## EXERCISE OBJECTIVE
Repeat the listing exactly, line by line, and leave the pictures behind.

-=-=-=-=-

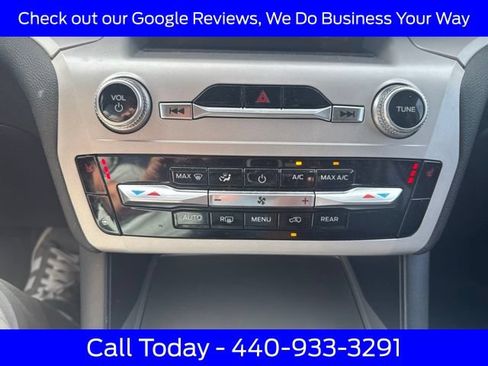 Used 2024 Ford Explorer XLT w/ Equipment Group 202A AWD/4WD image 23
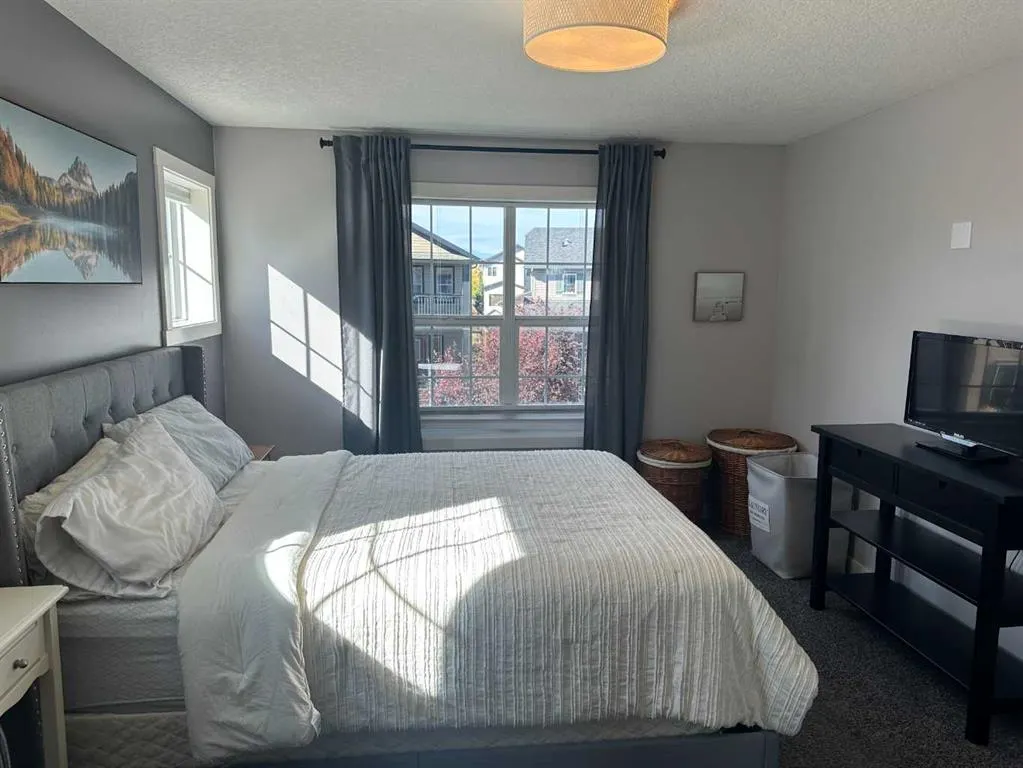 64 Elgin Meadows Manor SE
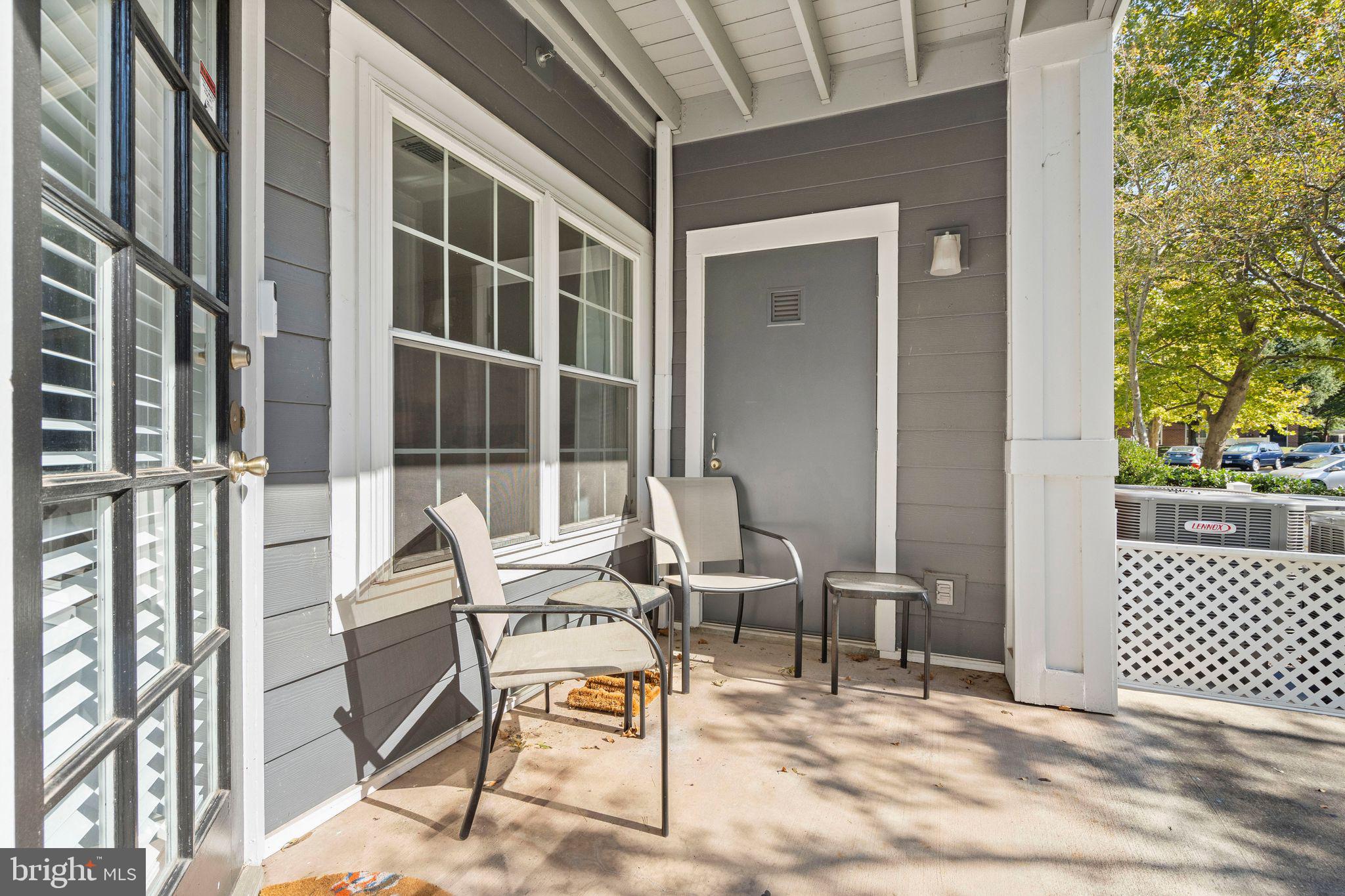 20303 Beechwood Ter #101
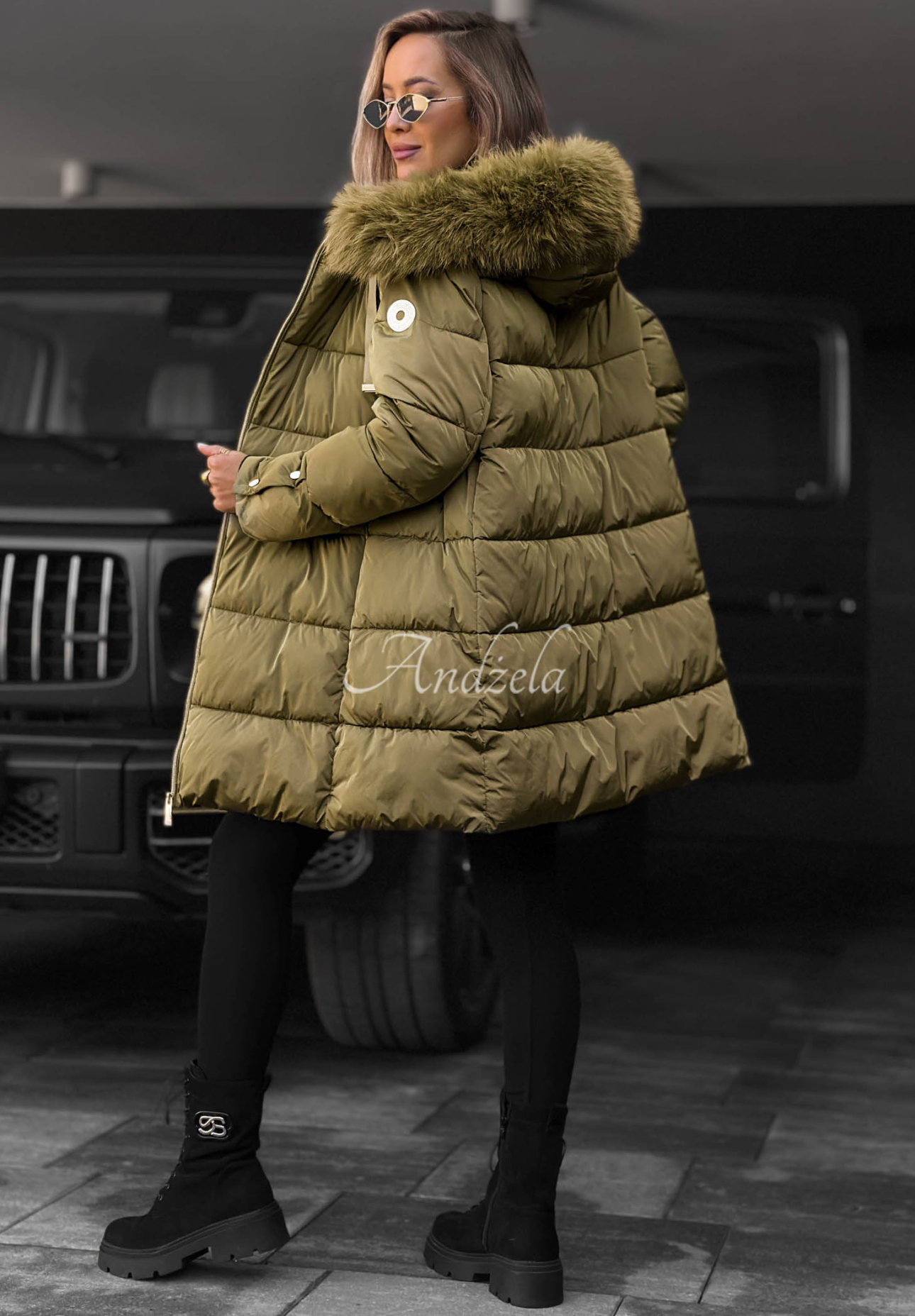 Lange, gesteppte Jacke mit Fellimitat Winter Sunday Khaki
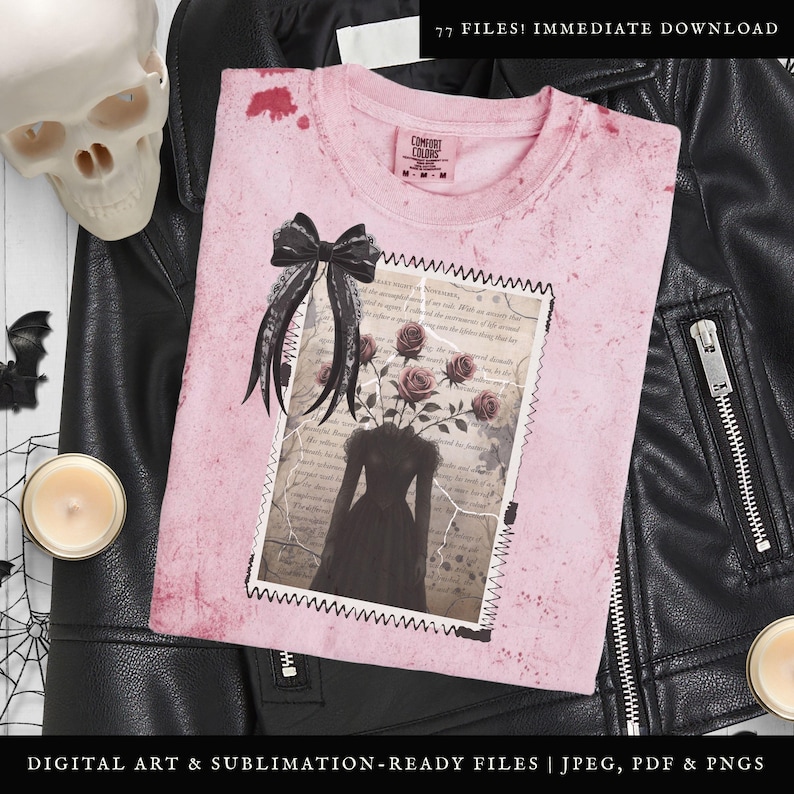 K&ouml;nnte beinhalten: Ein rosa T-Shirt mit einem abgenutzten Look, das mit einer schwarzen Schleife und einer Vintage-Illustration einer Frau verziert ist, aus deren Kopf Rosen wachsen. Die Illustration ist mit einem gestickten Rand gerahmt und hat einen abgenutzten, alten Look.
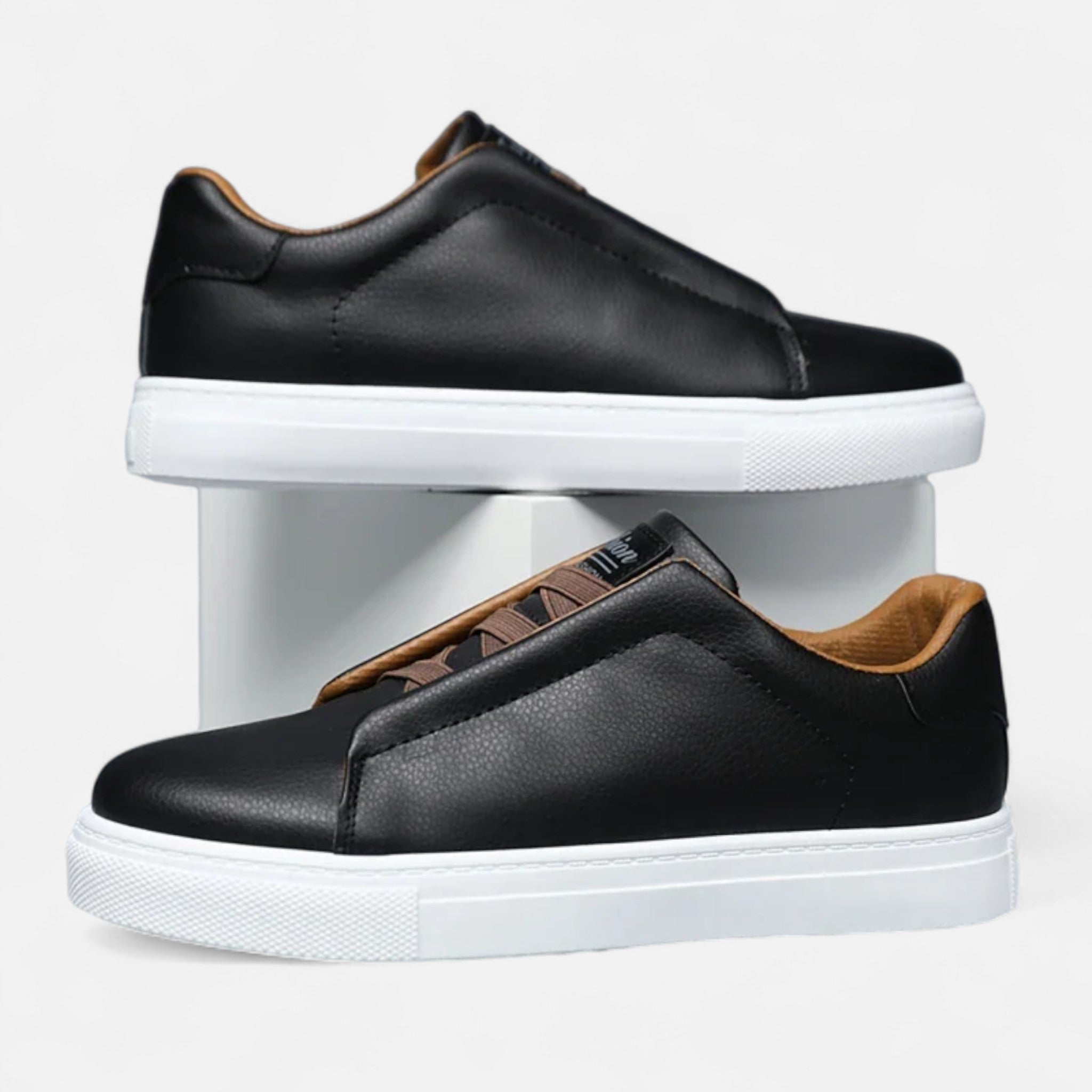 Herren Slip-On-Sneaker mit Lederoberteil und Fußgewölbeunterstützung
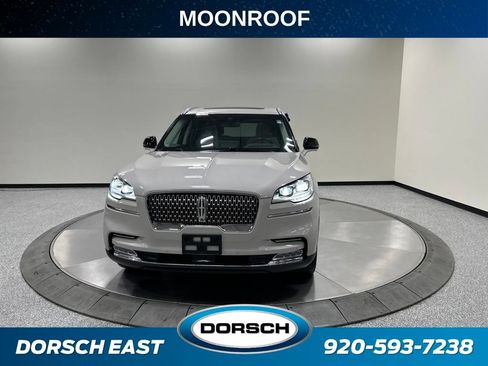 Used 2022 Lincoln Aviator Reserve w/ Equipment Group 201A AWD/4WD image 2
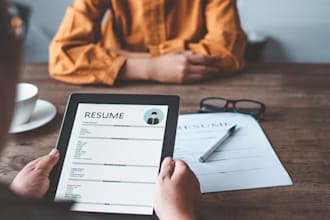 create a professional and modern resume or CV that gets you hired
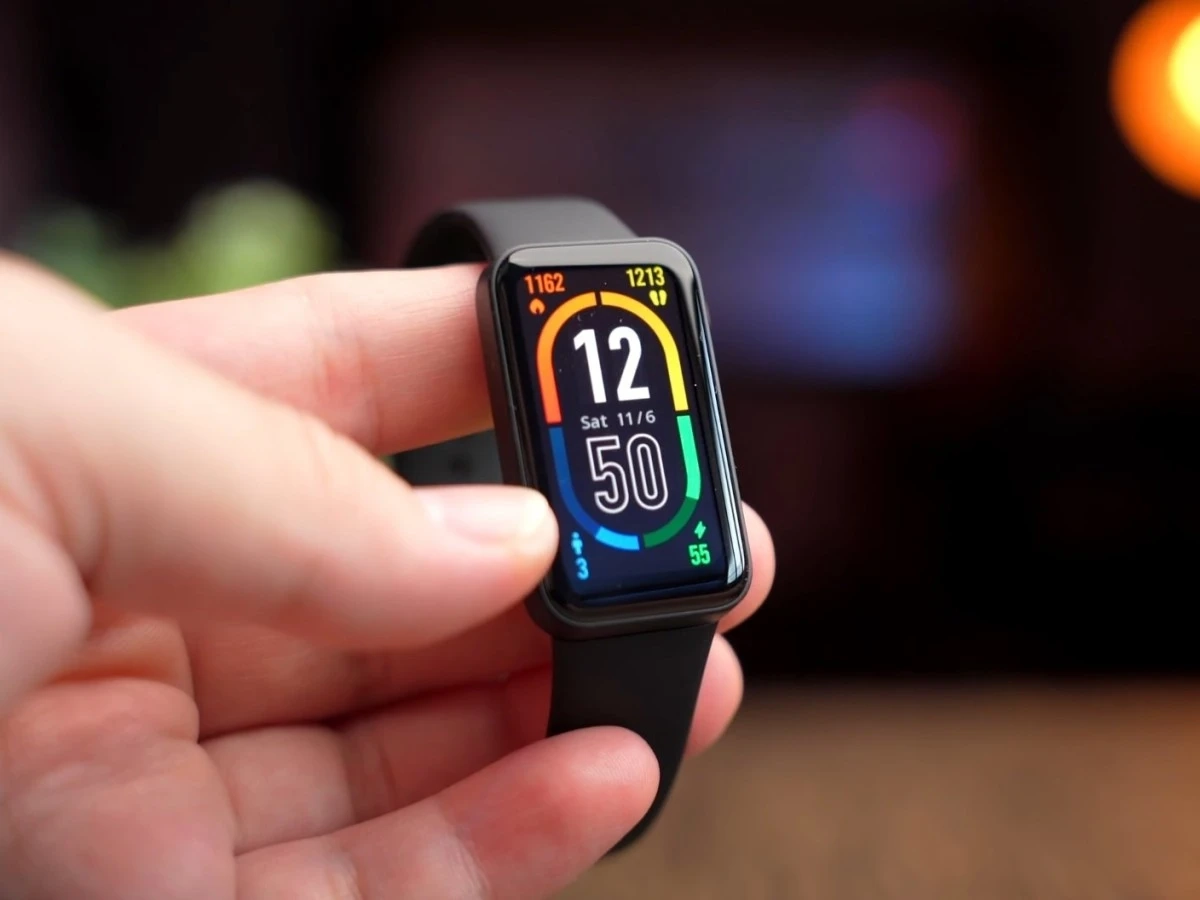 Amazfit Band 7 qora  Smart soati arzon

-=-=-=-=-

## TASK RESULT
 Used 2024 Ford Explorer XLT w/ Equipment Group 202A AWD/4WD image 23
 64 Elgin Meadows Manor SE
 20303 Beechwood Ter #101
 Lange, gesteppte Jacke mit Fellimitat Winter Sunday Khaki
 K&ouml;nnte beinhalten: Ein rosa T-Shirt mit einem abgenutzten Look, das mit einer schwarzen Schleife und einer Vintage-Illustration einer Frau verziert ist, aus deren Kopf Rosen wachsen. Die Illustration ist mit einem gestickten Rand gerahmt und hat einen abgenutzten, alten Look.
 Herren Slip-On-Sneaker mit Lederoberteil und Fußgewölbeunterstützung
 Used 2022 Lincoln Aviator Reserve w/ Equipment Group 201A AWD/4WD image 2
 create a professional and modern resume or CV that gets you hired
 Amazfit Band 7 qora  Smart soati arzon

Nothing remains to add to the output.